Nyemaster Goode, P.C.

Is Your Employer Your "Friend?"

By Randy Armentrout

On March 20, 2012, the Associated Press released an article entitled: "Is it OK for a job interviewer to ask for your Facebook login?"  The article reported about a New York company that requested a job applicant's Facebook username and password during an interview.  The article reported that the Illinois and Maryland legislatures are now considering laws that would prohibit public agencies from asking job applicants for access to the applicant's social network information.

The article has set off a flurry of discussion on whether it is appropriate or legal for an employer to request an applicant to provide access to the applicant's Facebook page.  Earlier today, Facebook added its own position to the discussion by issuing a statement.  Facebook states that it has "seen a distressing increase in reports of employers or others seeking to gain inappropriate access to people's Facebook profiles or private information."  Facebook advises its users: "[Y]ou shouldn't be forced to share your private information and communications just to get a job." 

According to Facebook: "[I]t is a violation of Facebook's Statement of Rights and Responsibilities to share or solicit a Facebook password.   . . .  We'll take action to protect the privacy and security of our users, whether by engaging policymakers or, where appropriate, by initiating legal action . . . ."

This is just the latest episode in the debate about what information an employer may consider when deciding to hire someone.   Employers will always seek the most information lawfully available about an applicant.  Employers want to hire the most qualified applicant with the highest chance of succeeding in the position.   Keep in mind that employers are also charged with keeping the work place safe and protecting employees from harassment by co-workers.  This must be balanced with what an employer may learn on an applicant's social network sites such as age, race, religious beliefs, and potential disabilities, which an employer may not consider when hiring.
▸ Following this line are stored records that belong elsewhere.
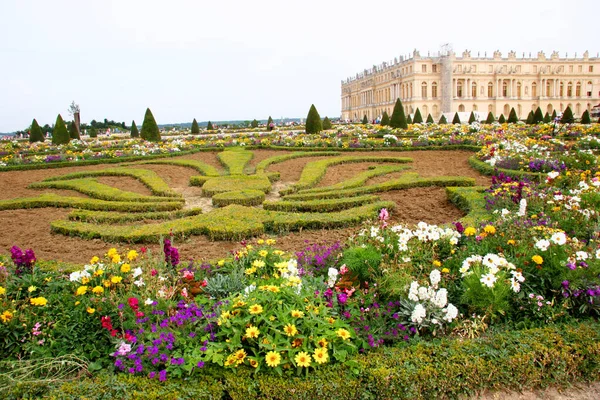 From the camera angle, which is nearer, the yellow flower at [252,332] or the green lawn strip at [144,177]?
the yellow flower at [252,332]

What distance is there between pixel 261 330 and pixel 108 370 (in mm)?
1162

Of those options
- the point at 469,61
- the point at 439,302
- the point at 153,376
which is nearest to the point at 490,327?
the point at 439,302

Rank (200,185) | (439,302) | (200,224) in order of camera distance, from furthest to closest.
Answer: (200,185), (200,224), (439,302)

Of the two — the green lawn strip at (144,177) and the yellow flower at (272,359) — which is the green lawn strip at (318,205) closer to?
the green lawn strip at (144,177)

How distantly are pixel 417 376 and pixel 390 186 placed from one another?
6578 mm

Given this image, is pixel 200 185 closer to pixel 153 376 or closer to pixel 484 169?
pixel 484 169

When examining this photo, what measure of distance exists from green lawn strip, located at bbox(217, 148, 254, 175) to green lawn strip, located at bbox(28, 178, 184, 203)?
3005mm

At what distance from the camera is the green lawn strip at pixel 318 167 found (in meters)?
9.96

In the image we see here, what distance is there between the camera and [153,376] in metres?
3.03

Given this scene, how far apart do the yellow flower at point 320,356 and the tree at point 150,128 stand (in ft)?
72.2

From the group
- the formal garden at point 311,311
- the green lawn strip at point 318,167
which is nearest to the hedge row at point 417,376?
the formal garden at point 311,311

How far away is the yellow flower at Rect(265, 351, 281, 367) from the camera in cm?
298

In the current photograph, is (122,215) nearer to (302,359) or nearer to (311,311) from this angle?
(311,311)

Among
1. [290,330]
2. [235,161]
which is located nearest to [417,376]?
[290,330]
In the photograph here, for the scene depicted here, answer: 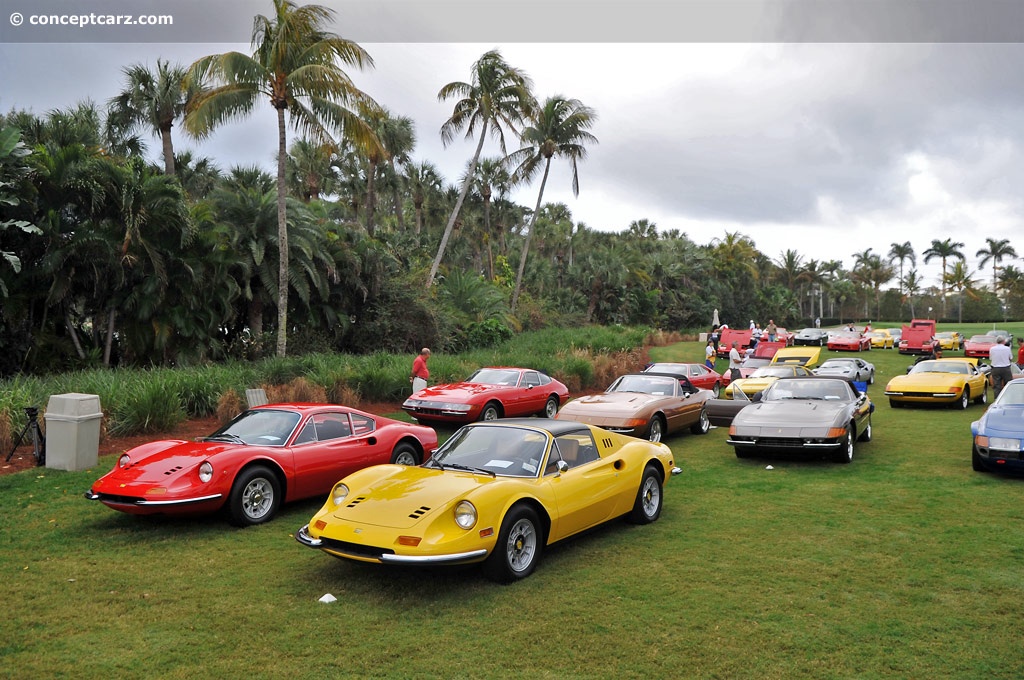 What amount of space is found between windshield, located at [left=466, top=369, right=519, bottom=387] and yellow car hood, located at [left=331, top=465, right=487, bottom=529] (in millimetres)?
9257

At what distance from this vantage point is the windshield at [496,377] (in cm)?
1605

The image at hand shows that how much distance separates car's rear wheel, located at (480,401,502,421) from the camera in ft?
48.5

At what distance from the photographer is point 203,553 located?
6922mm

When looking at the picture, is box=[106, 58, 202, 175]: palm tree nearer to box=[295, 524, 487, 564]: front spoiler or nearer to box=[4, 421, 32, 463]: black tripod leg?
box=[4, 421, 32, 463]: black tripod leg

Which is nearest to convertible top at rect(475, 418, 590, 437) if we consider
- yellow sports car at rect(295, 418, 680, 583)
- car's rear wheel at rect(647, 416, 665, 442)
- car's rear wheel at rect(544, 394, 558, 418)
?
yellow sports car at rect(295, 418, 680, 583)

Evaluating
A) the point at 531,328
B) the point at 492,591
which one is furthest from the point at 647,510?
the point at 531,328

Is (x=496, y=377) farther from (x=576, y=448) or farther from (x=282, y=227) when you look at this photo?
(x=576, y=448)

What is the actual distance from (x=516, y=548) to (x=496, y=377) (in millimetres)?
10201

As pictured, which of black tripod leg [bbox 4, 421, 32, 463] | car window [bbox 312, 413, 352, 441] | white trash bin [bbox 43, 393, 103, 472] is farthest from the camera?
black tripod leg [bbox 4, 421, 32, 463]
Whether an employer's request for access to an applicant's Facebook page is legal (whether it is appropriate will likely be debated ad infinitum and ad nauseum) will likely come down to whether the information sought is necessary to the business and reasonably related to the job being filled.  With regard to pre-employment testing, decisions under the Americans with Disabilities Act have already limited employers to conduct only testing that is related to business necessity.  Further, an employer may not seek a credit report of a candidate for employment without obtaining written permission.